Il fondatore Carlambrogio Brivio di Montevecchia, al quale Cesare Cantù dedicò un libro, era un venditore ambulante che mai mancava ai mercati di Lecco, Santa Maria Hoé, Oggiono e Merate. Batteva le fiere di Bergamo, Brescia, Soresina e Cremona; vendeva, comprava e barattava. Un robusto giumento era la sua “bottega” e la sua ricchezza. Lo si sentiva dire: “a chi di poco si contenta, tutto è caro e gradito”. Era un tipo di uomo che nel vario girare e nelle diverse soste di paese in paese, raccoglieva aneddoti e storie, le faceva sue e le raccontava con una certa bonomia e un certo garbo.
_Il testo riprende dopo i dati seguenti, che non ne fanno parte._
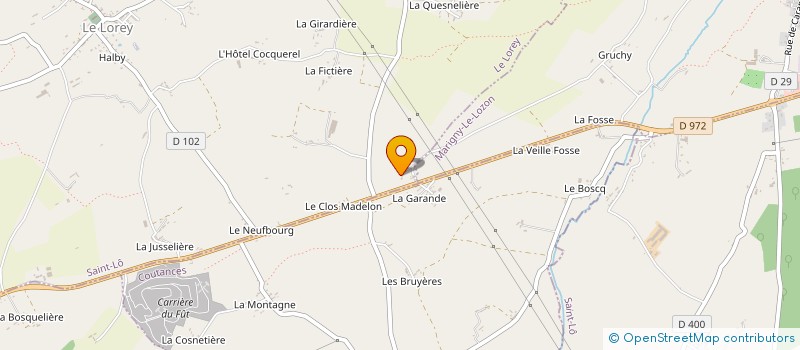 localisation de l'entreprise GAEC DE LA LANDE LAPIN à HAUTEVILLE-LA-GUICHARD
Si era creato una certa saggezza e questa la metteva a disposizione di chi lo voleva sentire parlando molto sovente per proverbi. E di proverbi ne doveva sentire molti visto che di quei tempi i proverbi erano veramente “la sapienza dei popoli” e specialmente del popolo minuto.

Coi denari guadagnati il signor Carlambroeus potè aprire la sua osteria e passare con una certa agiatezza la sua vecchiaia senza abbandonare il paese natio poiché come egli diceva “ad ogni uccello il suo nido è bello”.

Carlambrogio oltre che mercante e oste era priore della Confraternita e anche Consigliere Comunale, partecipava attivamente alla vita pubblica di Montevecchia e per questo suo prezioso interessamento era ricambiato dal grande amore della sua gente.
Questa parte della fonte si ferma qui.